*** Opening Information ***

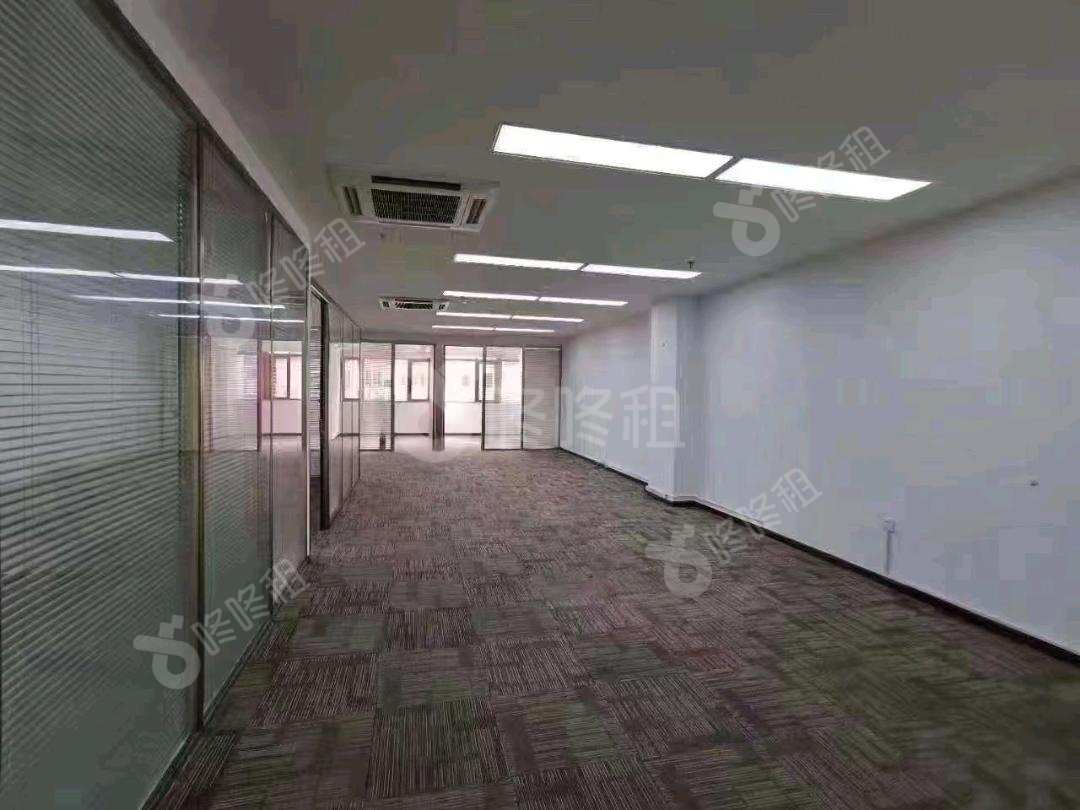 天经大厦_385平_精装_办公室开间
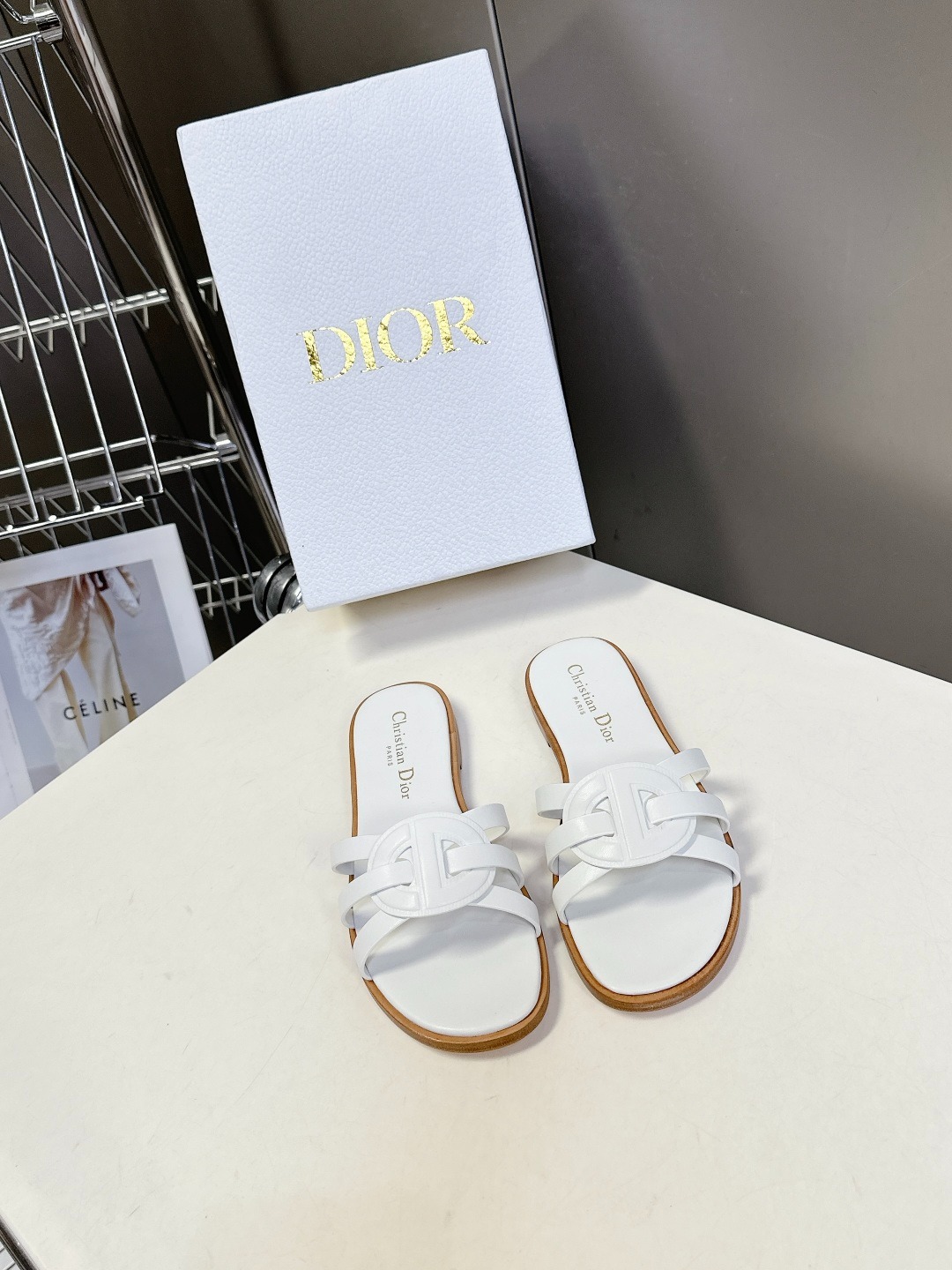 디올 25 봄여름 신상 CD 슬리퍼
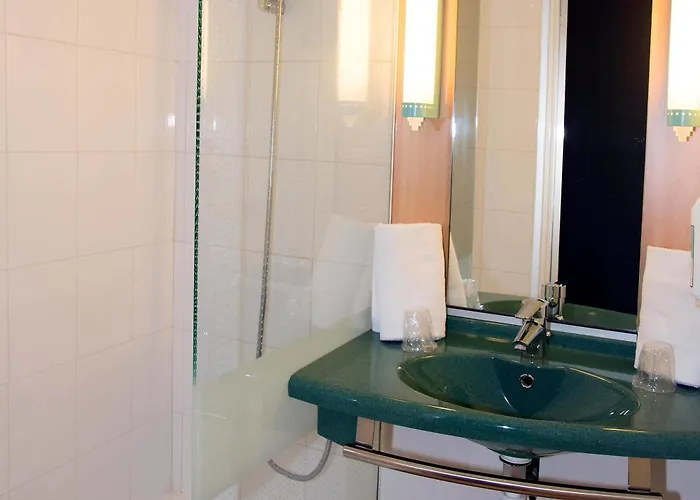 Ibis Rambert D'albon Hotel 3*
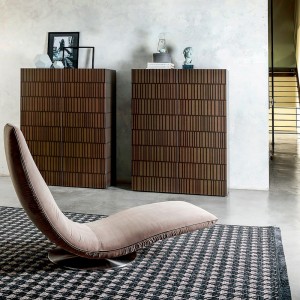 Vitrina Flamingo de Tonin casa. Muebles modernos de hogar.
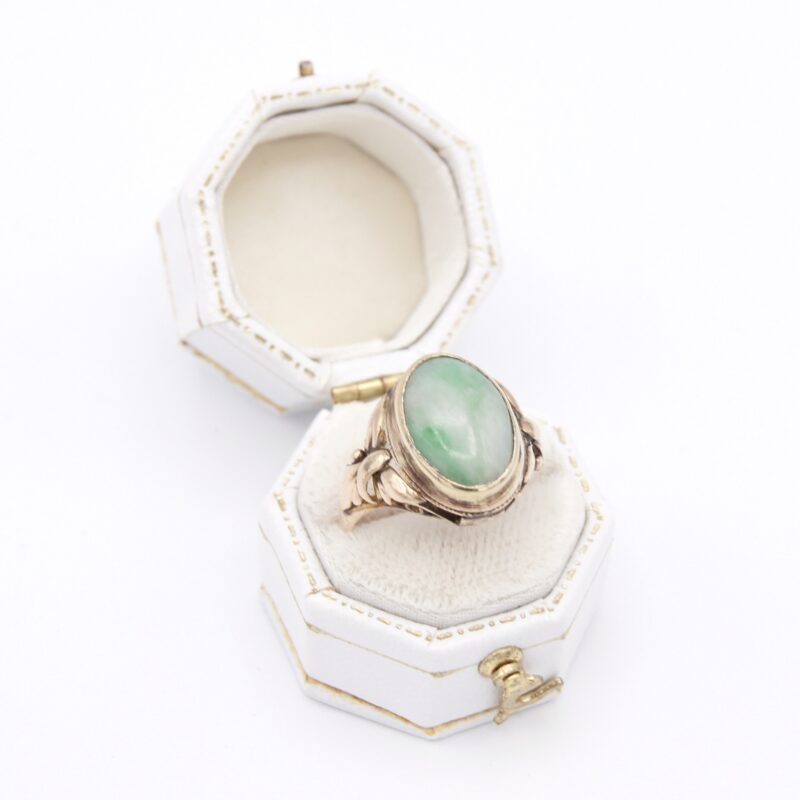 14kt Gold & Jade Ring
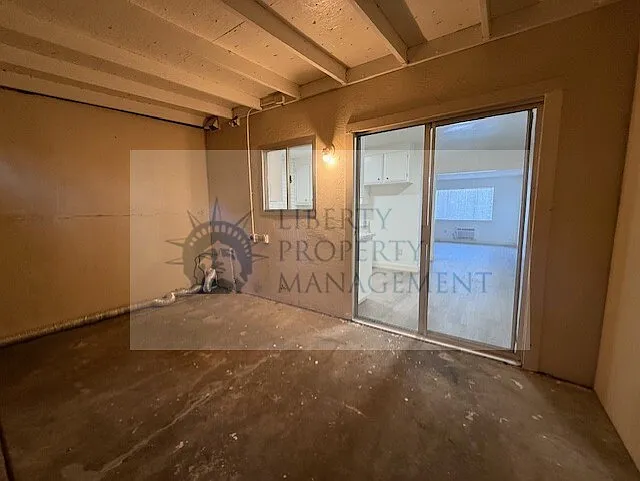 2512 W Bristol Ave — Photo 9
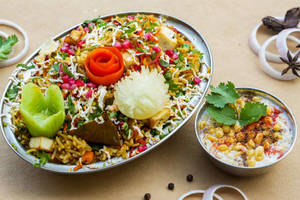Veg Biryani [450 Ml] With Boondi Raita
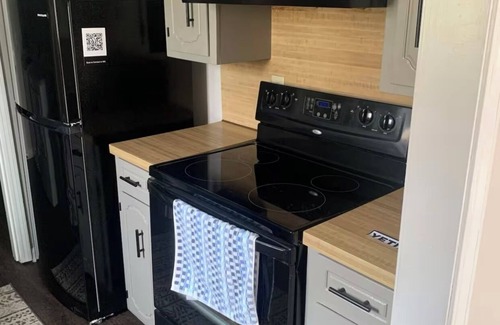 Nashboro Village House | Pet-friendly 2-bedroom duplex close to BNA with fast WiFi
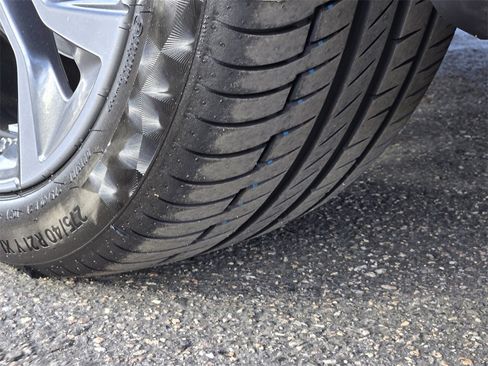 New 2026 BMW X5 xDrive50e w/ Premium Package image 12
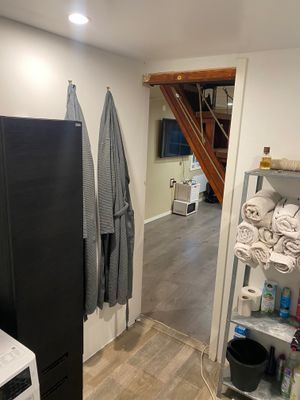 Mysig stuga i skogen nära sjö & bastu - Bild 7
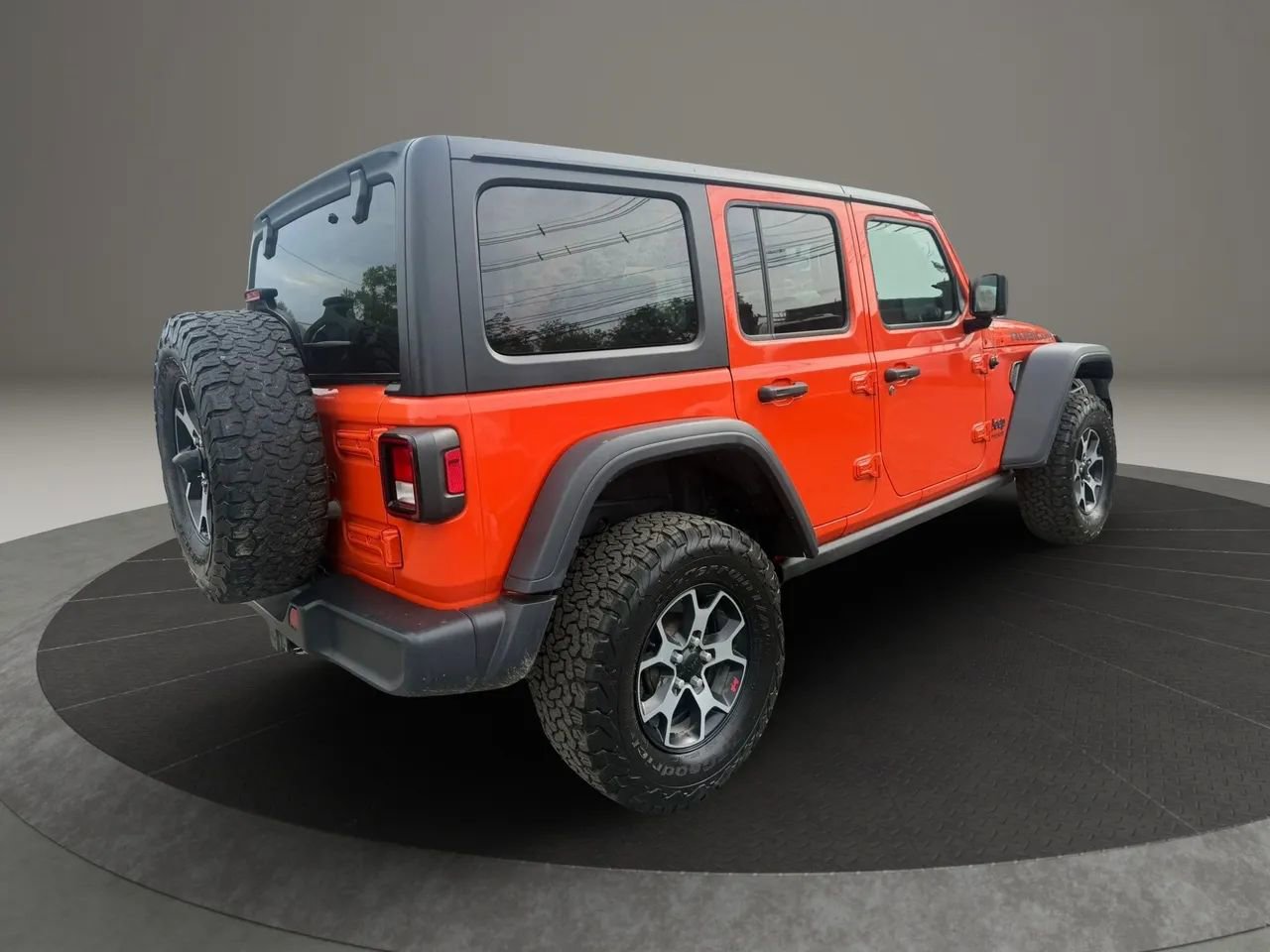 Used 2020 Jeep Wrangler Unlimited Rubicon w/ Dual Top Group AWD/4WD image 5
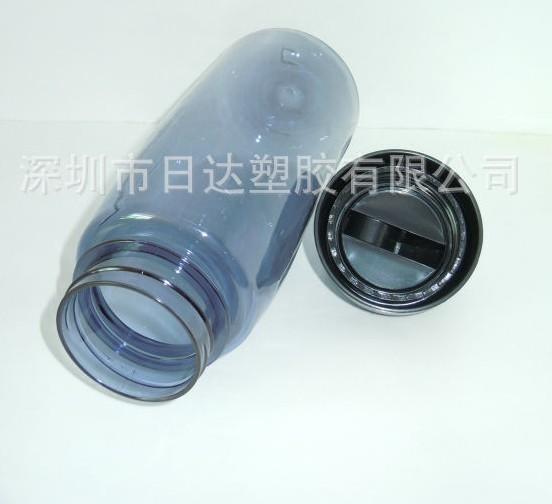 *PC帶拉扣直身水壺；流線設(shè)計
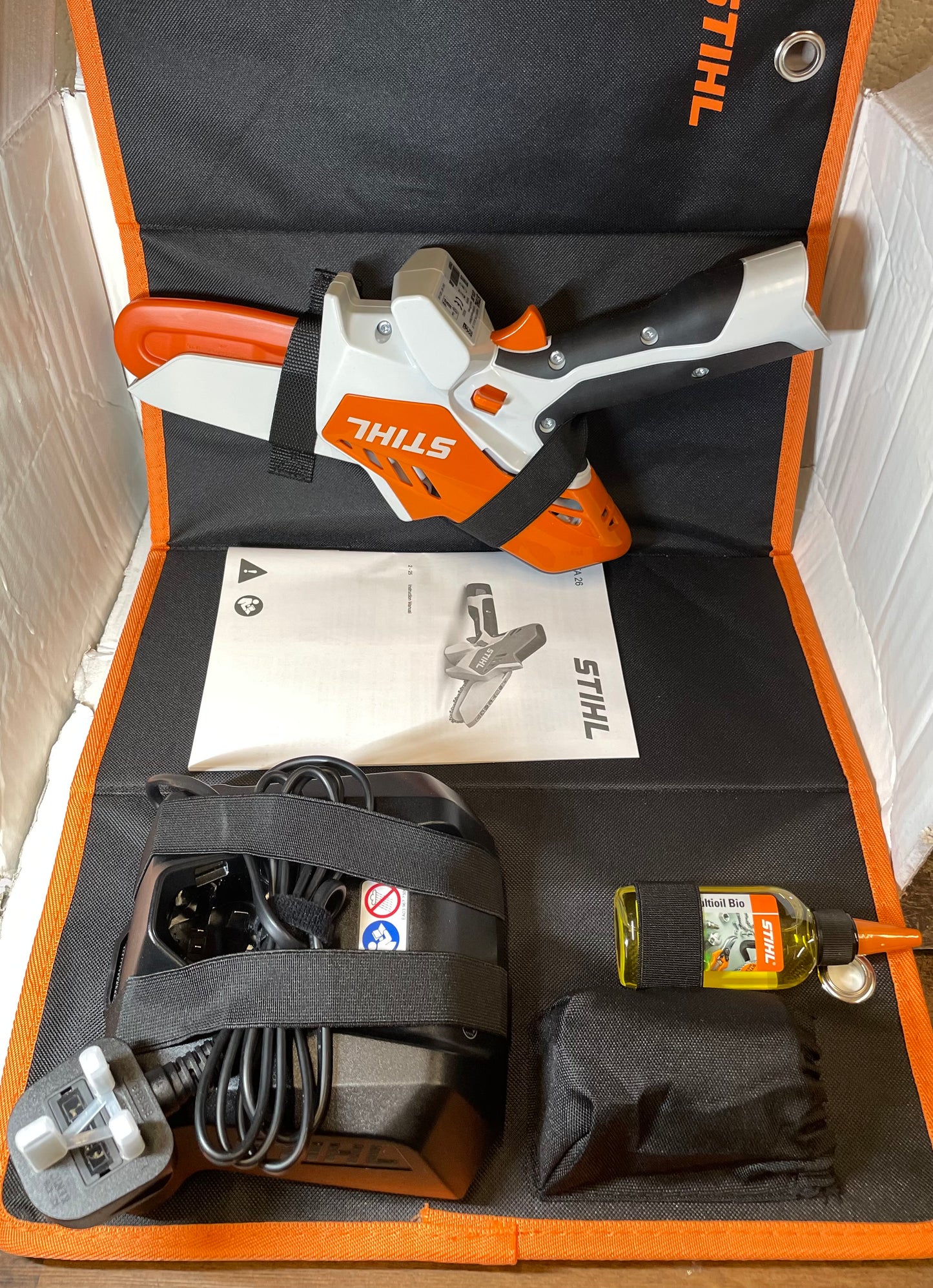 STIHL GTA 26 Cordless Pruner Kit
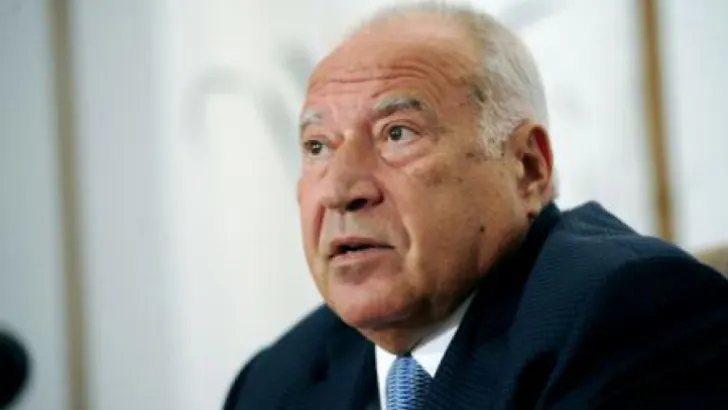 DECLARAŢIILE INCREDIBILE ale lui Voiculescu: "AM STAT ÎNTR-O CASĂ MICĂ, CU WC ÎN CURTE"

*** Closing Information ***

▶ Try it
The listing above must be restated word for word. Its pictures are to be left out.

▶ Result of this exercise
 天经大厦_385平_精装_办公室开间
 디올 25 봄여름 신상 CD 슬리퍼
 Ibis Rambert D'albon Hotel 3*
 Vitrina Flamingo de Tonin casa. Muebles modernos de hogar.
 14kt Gold & Jade Ring
 2512 W Bristol Ave — Photo 9
Veg Biryani [450 Ml] With Boondi Raita
 Nashboro Village House | Pet-friendly 2-bedroom duplex close to BNA with fast WiFi
 New 2026 BMW X5 xDrive50e w/ Premium Package image 12
 Mysig stuga i skogen nära sjö & bastu - Bild 7
 Used 2020 Jeep Wrangler Unlimited Rubicon w/ Dual Top Group AWD/4WD image 5
 *PC帶拉扣直身水壺；流線設(shè)計
 STIHL GTA 26 Cordless Pruner Kit
 DECLARAŢIILE INCREDIBILE ale lui Voiculescu: "AM STAT ÎNTR-O CASĂ MICĂ, CU WC ÎN CURTE"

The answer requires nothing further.